**Task description**
Please restate, word for word, the lines below that begin at the one with "Antalya turizminde yeni rekor" and end at the one with "Photo of property". Leave out all other lines.
[Opening Source material section]
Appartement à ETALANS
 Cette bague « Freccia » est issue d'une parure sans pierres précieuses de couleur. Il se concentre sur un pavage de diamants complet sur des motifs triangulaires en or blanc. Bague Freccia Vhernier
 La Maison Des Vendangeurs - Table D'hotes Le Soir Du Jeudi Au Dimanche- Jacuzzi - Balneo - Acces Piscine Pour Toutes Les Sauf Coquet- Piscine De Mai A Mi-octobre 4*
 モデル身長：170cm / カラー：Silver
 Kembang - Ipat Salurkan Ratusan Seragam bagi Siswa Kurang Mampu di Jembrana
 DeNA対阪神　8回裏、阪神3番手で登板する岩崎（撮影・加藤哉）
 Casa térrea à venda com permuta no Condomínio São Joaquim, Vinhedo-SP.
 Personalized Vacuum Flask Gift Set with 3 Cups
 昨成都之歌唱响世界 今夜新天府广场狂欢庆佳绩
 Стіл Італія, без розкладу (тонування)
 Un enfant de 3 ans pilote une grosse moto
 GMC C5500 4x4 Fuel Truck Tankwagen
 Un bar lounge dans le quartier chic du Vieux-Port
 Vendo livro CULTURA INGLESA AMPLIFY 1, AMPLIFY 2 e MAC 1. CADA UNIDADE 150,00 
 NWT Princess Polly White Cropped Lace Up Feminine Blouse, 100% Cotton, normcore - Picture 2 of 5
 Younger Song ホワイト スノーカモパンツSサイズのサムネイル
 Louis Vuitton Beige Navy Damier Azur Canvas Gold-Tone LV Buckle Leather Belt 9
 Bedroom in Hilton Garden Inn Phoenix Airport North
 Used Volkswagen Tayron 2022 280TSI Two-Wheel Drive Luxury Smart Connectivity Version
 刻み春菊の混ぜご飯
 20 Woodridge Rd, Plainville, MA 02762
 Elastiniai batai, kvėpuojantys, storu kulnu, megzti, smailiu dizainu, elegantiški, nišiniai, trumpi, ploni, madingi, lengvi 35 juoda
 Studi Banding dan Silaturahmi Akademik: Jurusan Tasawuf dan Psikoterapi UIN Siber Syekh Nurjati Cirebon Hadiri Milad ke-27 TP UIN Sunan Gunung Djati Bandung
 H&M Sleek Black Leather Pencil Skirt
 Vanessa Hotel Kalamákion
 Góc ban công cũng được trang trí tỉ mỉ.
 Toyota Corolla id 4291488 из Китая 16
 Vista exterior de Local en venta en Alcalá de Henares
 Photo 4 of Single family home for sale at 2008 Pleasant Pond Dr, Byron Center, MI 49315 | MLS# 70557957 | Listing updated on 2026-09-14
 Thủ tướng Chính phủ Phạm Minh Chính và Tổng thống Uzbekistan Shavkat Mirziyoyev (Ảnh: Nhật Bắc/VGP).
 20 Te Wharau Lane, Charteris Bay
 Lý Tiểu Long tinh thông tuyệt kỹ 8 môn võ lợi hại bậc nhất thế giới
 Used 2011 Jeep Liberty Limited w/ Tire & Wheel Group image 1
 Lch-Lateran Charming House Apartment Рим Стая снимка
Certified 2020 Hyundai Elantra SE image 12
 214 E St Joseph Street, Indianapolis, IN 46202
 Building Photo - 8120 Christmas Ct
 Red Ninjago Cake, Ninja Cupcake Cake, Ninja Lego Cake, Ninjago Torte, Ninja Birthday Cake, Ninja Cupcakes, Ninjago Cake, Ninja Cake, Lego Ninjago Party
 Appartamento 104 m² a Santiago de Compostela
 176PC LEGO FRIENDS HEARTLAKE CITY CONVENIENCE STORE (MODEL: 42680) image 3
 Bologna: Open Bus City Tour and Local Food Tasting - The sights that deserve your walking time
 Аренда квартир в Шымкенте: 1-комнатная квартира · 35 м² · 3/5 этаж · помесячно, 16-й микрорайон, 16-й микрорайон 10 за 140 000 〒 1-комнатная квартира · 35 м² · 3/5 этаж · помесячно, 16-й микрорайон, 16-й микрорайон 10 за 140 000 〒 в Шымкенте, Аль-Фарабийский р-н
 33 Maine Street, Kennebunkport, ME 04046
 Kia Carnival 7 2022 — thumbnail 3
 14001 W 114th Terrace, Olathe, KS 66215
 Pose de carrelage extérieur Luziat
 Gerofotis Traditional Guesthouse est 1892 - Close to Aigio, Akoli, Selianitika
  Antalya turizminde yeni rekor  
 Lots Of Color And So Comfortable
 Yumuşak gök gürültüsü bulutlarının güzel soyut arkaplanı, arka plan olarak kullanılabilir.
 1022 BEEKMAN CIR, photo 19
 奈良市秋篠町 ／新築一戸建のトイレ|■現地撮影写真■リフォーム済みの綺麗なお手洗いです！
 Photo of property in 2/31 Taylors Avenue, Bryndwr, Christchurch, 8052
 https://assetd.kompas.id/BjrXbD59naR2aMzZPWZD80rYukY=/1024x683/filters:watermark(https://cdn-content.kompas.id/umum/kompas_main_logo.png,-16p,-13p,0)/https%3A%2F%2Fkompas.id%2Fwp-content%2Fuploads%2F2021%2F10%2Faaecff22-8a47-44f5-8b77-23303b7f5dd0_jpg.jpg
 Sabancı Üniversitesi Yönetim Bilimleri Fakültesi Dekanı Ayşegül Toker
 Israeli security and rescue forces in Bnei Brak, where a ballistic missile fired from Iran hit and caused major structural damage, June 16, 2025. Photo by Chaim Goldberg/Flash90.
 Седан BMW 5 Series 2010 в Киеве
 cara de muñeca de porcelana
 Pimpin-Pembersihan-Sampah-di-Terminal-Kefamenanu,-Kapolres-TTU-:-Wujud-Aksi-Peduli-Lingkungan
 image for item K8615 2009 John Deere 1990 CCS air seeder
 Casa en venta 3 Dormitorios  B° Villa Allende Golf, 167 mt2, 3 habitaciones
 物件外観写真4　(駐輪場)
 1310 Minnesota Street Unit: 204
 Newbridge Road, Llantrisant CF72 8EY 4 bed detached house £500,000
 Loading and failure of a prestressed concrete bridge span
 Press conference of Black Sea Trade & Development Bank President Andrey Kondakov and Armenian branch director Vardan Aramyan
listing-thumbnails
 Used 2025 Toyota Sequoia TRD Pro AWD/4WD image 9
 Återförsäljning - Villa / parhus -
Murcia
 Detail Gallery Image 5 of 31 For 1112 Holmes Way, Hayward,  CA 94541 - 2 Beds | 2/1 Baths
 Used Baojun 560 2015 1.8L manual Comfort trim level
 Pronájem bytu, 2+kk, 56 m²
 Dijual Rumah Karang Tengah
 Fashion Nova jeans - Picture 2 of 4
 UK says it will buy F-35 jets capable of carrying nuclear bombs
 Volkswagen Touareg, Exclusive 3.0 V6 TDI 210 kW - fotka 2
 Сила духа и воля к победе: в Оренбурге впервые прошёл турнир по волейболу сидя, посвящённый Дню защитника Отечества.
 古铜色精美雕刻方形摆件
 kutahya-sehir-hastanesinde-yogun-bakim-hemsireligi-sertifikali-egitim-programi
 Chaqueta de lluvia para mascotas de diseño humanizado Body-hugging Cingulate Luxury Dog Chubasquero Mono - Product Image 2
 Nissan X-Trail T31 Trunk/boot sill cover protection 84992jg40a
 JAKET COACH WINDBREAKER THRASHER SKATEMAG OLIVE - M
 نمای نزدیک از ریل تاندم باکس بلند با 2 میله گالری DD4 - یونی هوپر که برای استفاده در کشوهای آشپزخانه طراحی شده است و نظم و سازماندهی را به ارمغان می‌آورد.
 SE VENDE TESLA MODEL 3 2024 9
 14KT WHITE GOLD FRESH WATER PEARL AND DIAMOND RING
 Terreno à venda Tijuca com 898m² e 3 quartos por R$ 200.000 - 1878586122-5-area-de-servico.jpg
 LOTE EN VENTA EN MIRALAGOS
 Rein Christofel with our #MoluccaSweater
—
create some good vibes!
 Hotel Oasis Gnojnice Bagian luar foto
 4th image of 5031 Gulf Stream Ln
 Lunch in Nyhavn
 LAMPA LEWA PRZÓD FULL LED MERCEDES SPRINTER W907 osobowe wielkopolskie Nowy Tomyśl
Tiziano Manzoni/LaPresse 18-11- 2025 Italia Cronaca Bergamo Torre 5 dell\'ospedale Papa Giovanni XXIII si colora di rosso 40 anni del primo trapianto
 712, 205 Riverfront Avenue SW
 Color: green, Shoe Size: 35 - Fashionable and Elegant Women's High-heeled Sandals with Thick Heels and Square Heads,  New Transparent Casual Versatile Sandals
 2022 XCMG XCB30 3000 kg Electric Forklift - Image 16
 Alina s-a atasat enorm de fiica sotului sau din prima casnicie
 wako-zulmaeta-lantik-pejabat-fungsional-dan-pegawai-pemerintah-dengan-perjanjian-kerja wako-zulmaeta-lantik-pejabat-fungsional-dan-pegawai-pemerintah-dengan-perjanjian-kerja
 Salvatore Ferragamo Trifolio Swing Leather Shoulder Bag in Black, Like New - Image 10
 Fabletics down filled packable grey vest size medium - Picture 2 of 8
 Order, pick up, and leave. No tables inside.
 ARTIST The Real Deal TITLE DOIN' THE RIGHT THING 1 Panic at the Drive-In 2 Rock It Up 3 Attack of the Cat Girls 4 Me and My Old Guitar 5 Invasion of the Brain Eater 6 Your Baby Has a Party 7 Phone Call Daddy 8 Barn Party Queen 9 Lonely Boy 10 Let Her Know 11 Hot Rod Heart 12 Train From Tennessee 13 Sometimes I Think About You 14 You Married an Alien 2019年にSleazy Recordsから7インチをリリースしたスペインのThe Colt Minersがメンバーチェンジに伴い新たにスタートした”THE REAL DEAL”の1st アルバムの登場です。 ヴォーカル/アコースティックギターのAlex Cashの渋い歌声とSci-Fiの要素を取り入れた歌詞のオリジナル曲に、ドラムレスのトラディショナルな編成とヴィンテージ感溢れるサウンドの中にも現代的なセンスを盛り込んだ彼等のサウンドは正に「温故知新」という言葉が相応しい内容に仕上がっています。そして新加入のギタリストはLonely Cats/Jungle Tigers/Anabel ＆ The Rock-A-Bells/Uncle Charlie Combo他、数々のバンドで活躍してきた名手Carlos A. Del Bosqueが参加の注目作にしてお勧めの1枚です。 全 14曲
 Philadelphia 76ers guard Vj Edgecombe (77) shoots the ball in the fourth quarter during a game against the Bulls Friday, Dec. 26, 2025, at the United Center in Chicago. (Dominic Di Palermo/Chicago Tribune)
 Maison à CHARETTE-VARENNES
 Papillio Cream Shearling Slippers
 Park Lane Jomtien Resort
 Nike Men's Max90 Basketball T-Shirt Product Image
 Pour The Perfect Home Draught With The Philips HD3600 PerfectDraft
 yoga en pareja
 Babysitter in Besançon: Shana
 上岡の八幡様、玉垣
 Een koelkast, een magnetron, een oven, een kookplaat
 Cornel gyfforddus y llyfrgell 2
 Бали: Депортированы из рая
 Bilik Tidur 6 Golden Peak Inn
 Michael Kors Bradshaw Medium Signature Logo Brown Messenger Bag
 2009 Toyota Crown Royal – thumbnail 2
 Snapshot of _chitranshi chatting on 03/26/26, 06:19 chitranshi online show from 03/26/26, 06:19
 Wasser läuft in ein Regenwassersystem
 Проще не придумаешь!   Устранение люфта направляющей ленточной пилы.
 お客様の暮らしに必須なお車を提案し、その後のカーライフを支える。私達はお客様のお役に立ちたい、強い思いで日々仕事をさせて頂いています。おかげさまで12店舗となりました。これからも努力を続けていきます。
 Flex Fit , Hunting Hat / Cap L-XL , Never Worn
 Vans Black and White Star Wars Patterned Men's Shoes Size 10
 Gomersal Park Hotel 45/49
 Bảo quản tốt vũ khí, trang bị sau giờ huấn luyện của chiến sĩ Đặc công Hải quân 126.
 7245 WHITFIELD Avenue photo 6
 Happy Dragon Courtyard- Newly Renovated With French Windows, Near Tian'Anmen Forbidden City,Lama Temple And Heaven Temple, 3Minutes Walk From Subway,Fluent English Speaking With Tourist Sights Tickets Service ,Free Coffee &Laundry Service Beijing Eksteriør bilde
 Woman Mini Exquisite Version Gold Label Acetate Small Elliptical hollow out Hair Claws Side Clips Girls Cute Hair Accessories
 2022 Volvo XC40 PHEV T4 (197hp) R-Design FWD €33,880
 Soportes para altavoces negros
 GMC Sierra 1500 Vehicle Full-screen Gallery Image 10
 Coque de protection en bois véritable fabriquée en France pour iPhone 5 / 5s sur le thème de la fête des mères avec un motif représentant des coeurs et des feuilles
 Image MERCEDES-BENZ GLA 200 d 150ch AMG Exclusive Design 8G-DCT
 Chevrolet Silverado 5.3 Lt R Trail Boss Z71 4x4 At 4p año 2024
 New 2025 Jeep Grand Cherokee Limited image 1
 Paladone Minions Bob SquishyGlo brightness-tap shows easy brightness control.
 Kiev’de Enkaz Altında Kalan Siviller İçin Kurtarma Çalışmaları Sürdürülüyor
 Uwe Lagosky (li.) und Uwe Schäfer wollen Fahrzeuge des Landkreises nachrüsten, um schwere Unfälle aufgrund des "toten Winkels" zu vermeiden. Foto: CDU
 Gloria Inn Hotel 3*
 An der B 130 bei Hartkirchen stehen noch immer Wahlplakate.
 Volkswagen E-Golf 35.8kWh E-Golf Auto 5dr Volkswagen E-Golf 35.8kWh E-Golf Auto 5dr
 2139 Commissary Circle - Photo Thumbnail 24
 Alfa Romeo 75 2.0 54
[Closing Source material section]
**Problem solution**
  Antalya turizminde yeni rekor  
 Lots Of Color And So Comfortable
 Yumuşak gök gürültüsü bulutlarının güzel soyut arkaplanı, arka plan olarak kullanılabilir.
 1022 BEEKMAN CIR, photo 19
 奈良市秋篠町 ／新築一戸建のトイレ|■現地撮影写真■リフォーム済みの綺麗なお手洗いです！
 Photo of property in 2/31 Taylors Avenue, Bryndwr, Christchurch, 8052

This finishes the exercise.